-- Opening Marker --
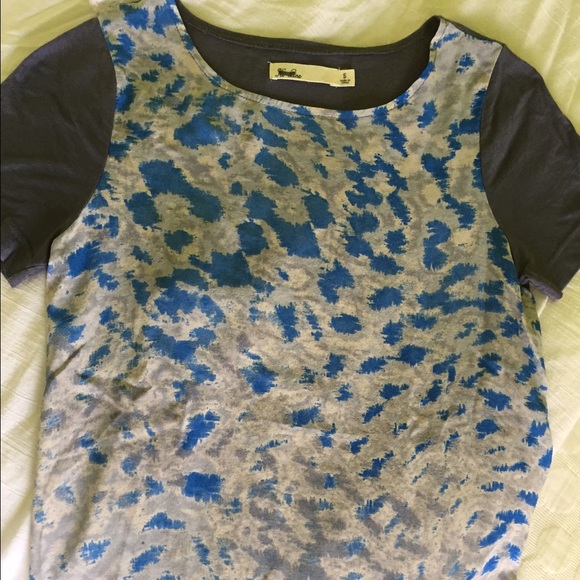 Madewell short sleeve shirt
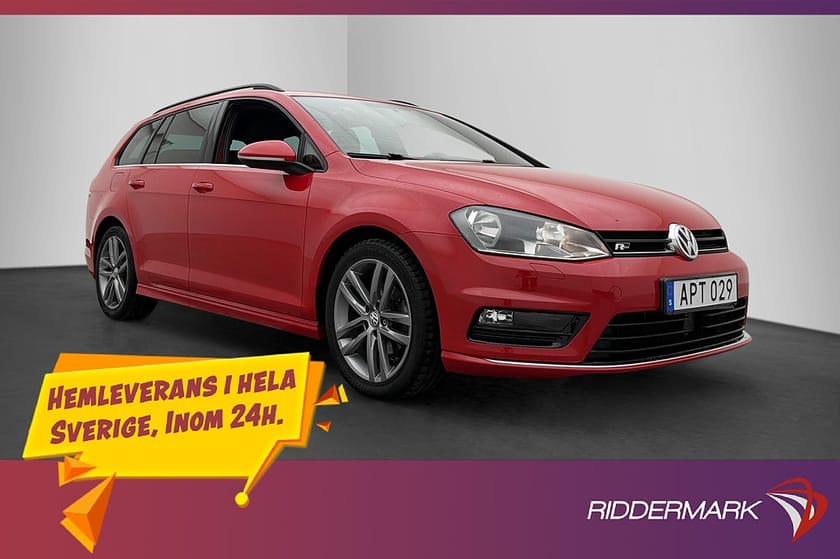 Bild 1 av Volkswagen Golf Sportscombi SC 1.4 TSI 140hk R-Line Kamera P-Sensorer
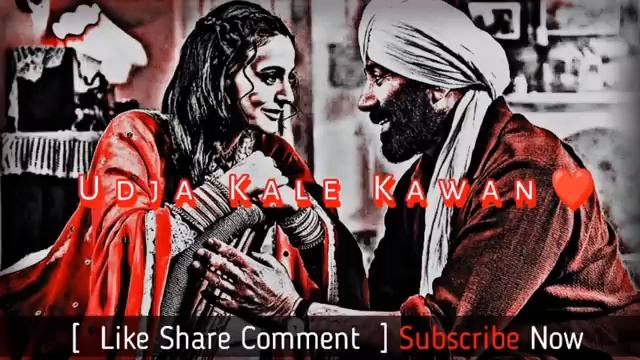 Udd Ja Kaale Kawan - Gadar Lofi Song | Sunny Deol & Ameesha Patel | Alka Yagnik & Udit Narayan смотреть онлайн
-- Closing Marker --
▶ What you will do
Once the pictures are set aside, give every line above again without alteration.

▶ Result of this task
 Madewell short sleeve shirt
 Bild 1 av Volkswagen Golf Sportscombi SC 1.4 TSI 140hk R-Line Kamera P-Sensorer
 Udd Ja Kaale Kawan - Gadar Lofi Song | Sunny Deol & Ameesha Patel | Alka Yagnik & Udit Narayan смотреть онлайн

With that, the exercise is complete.